We could stretch our minds, however, and draw some implications from this book about how to look at organizations from a corporate governance perspective as well as the internal processes of management. Styhre’s account of the corporate governance implications of economic concentration correctly identifies the transfer of power to institutional investors and the resulting focus on the delivery of shareholder value. There are remedies – or at least partial ones – emerging in the form of benefit corporations (introduced through legislation and regulation, i.e. through states), and other ways to change to corporate articles of association that companies can themselves adopt to resist financialization. These can lead to different types of managerial practice by protecting boards and executives from shareholder lawsuits. Models from countries other than the US, including Swedish ones Styhre knows well, might open a future-oriented path for research and theorizing.

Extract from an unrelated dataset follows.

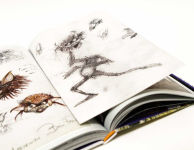 Alternative view 13 of Labyrinth: The Ultimate Visual History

Expecting states to act may be a long shot, however, now that the combination of pandemic spending and support for Ukraine have created even greater state dependencies on financial markets than we saw during the financial crisis. Witness the tumult in the British political system in the autumn of 2022, a particularly messy affair, but one with echoes in other states. In the current situation it seems even less clear than before whether economics trumps politics or the other way around.
Styhre appears to be agnostic on this point. But he is also right to worry that hierarchies – that is, the corporation, which Styhre (p. 149) describes as the ‘non-democratic device embedded in democratic societies’ – might trump both. In this sense, his invocation of Quine’s thinking is apposite: ‘simplicity is not easy to define’, Styhre quotes the philosopher saying (p. 135). He then adds: ‘There is a slippery slope between “simple” and “not quite so simple”.’ This book offers an account of events and their prospects that is not quite so simple as saying ‘corporations bad, states good’.
Finally, and sadly, there are a few unfortunate typesetting errors that the publisher might wish to correct for online delivery or further printings. Supreme Court becomes ‘Supreme Courts’ (p. 53); of course becomes ‘of cause’ (p. 147). Amusingly, on two occasions antitrust is rendered as ‘antirust’ (pp. 68, 75) – an unconscious metaphor for the encrusted corporate blight on this new landscape, perhaps?